[Opening GIVEN MATERIAL section]
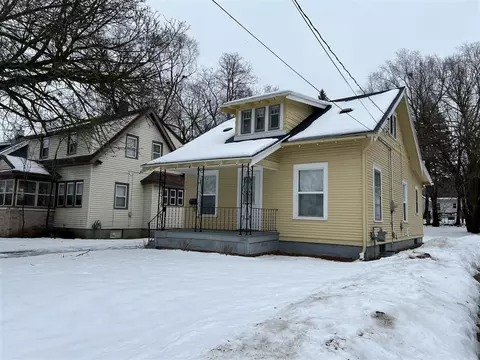 1830 Nelson, Grand Rapids, MI 49507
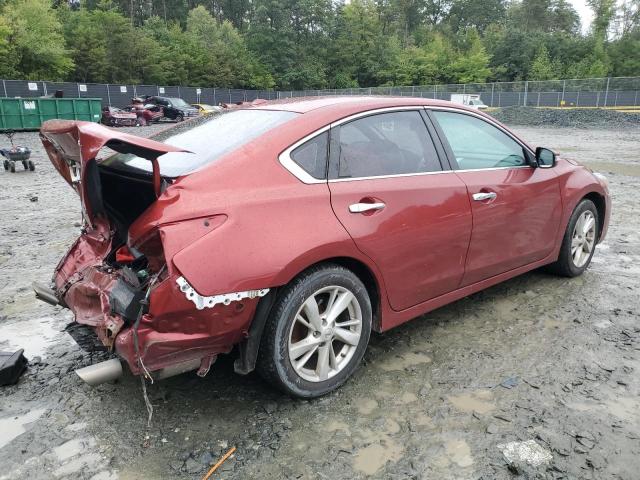 Photo 3 from auction – 2014 NISSAN ALTIMA 2.5 with VIN 1N4AL3APXEC157510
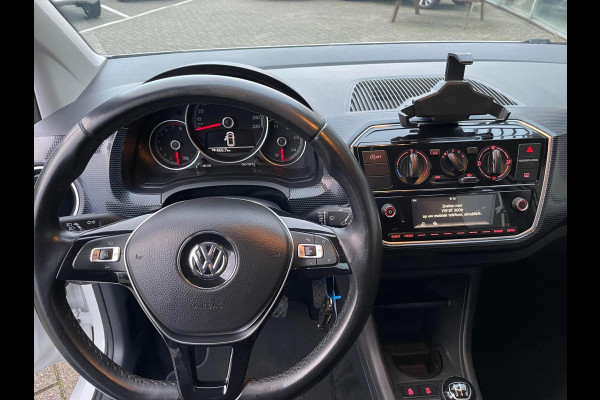 Volkswagen up! 1.0 BMT move up! Executive Edition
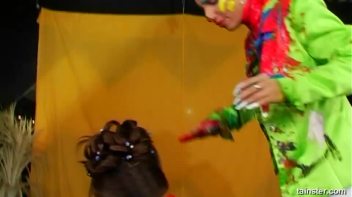 Finger Painting Fashion Craze Screencap 54 on www.sinx.com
[Closing GIVEN MATERIAL section]
*EXERCISE DETAILS*. Return the whole listing, word for word, and leave out every picture.

*ANSWER TO THIS TASK*.
 1830 Nelson, Grand Rapids, MI 49507
 Photo 3 from auction – 2014 NISSAN ALTIMA 2.5 with VIN 1N4AL3APXEC157510
 Volkswagen up! 1.0 BMT move up! Executive Edition
 Finger Painting Fashion Craze Screencap 54 on www.sinx.com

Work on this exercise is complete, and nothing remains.